Both sides likely have a reasonable basis for their arguments: on one hand, parents should be involved with and consent to mental health treatment of their children, but on the other hand, there might be some situations (especially in abusive or neglectful households) where such requirements prove harmful. The particular example of the teenager who championed the legislation does not seem compelling based on what is presented in the article, although her accomplishment in seeing her advocacy result in a new law is noteworthy. Either way, there does seem to be an issue of consistency, where the requirement to have parental consent should not depend on whether the health insurance is private or public.
March 24, 2024
Mental health continues to grow as an issue, and not everyone has access to a mental health therapist. KFF Health News reported on California's creative effort to help alleviate the shortage of mental health professionals by paying for peer support leaders to conduct group therapy sessions. Being able to share one's difficulties and to connect with others seem to be helpful with regards to people's mental health, and those activities do not require mental health professionals. While not a complete solution, this approach seems to benefit those who cannot afford to see mental health professionals, and likely also benefits the peer leaders themselves.

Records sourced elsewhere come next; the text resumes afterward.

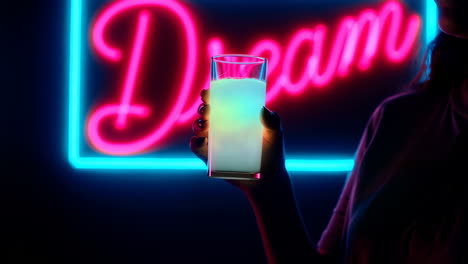 person holding a glowing drink in front of a neon 'dream' sign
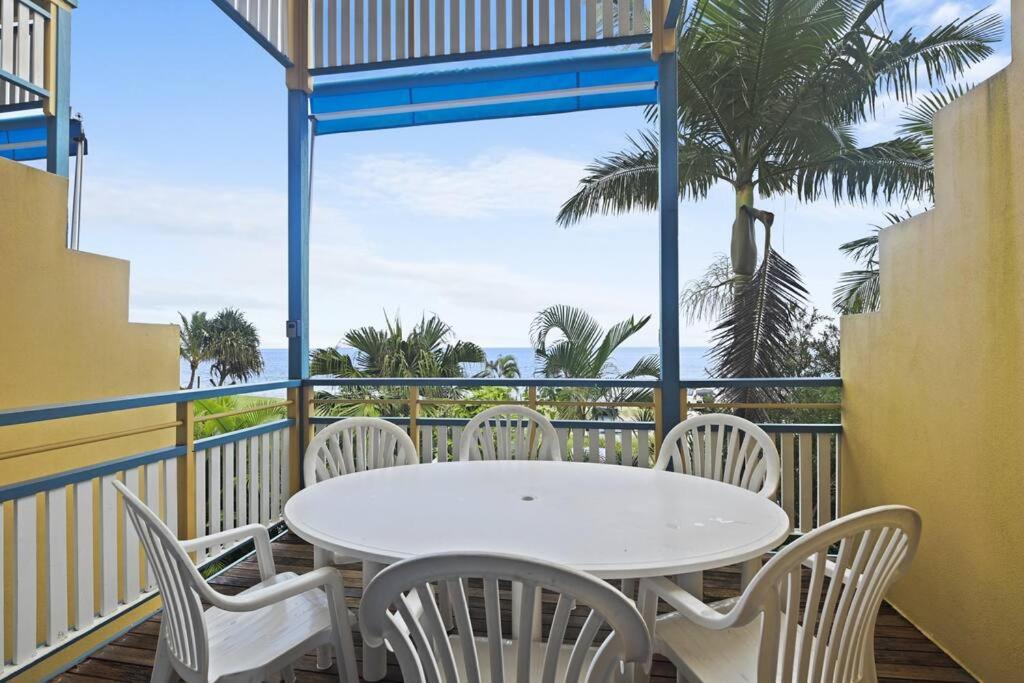 a table and chairs on a balcony with a view of the ocean at Villa 52 Tangalooma in Tangalooma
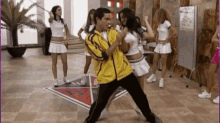a man in a yellow jacket is dancing in front of a group of cheerleaders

The article listed some reasons that local governments encounter when trying to hire enough mental health therapists, including offering salaries that are lower than industry and not offering perks like remote work. A fuller solution likely involves increasing salaries, and perhaps for the longer term, increasing the supply of mental health professionals (for example, by offering tuition subsidies in return for agreement to work for the government).
March 17, 2024
KFF Health news reported on the increasing prevalence and impact of contract disputes between healthcare providers and payers ("21 insurer-provider standoffs in the third quarter of 2023, a 91% increase over the same period the year before"). When providers and payers cannot come to an agreement, patients suffer the hassle of finding new doctors who are in-network. Even when providers and payers do come to an agreement, it is often at the end of a game of brinkmanship in which patients are warned to prepare for the possibility of needing to find new doctors.
The article does point out the asymmetry where patients can only select a health insurance plan once a year (absent certain life events), but providers can leave an insurance network at any point in a year. The article comments "That is particularly galling for patients because, whether obtaining insurance through an employer or buying it on the marketplace, they generally choose a policy based on whether it covers their desired doctors and hospital or an expensive drug they need." It seems reasonable to require that in-network status for provider institutions (e.g. clinics or hospitals) must be made known at least one month before open enrollment, and by contract, should remain in effect for the entire year following that open enrollment period.
One law professor speculates that the rise in contract disputes is because of hospital price transparency regulations that went into effect in 2021. Since providers can now see how much payers are paying their competitors, they can use that information to negotiate for better compensation -- if so, this is most likely an unintended consequence of the pricing transparency regulation.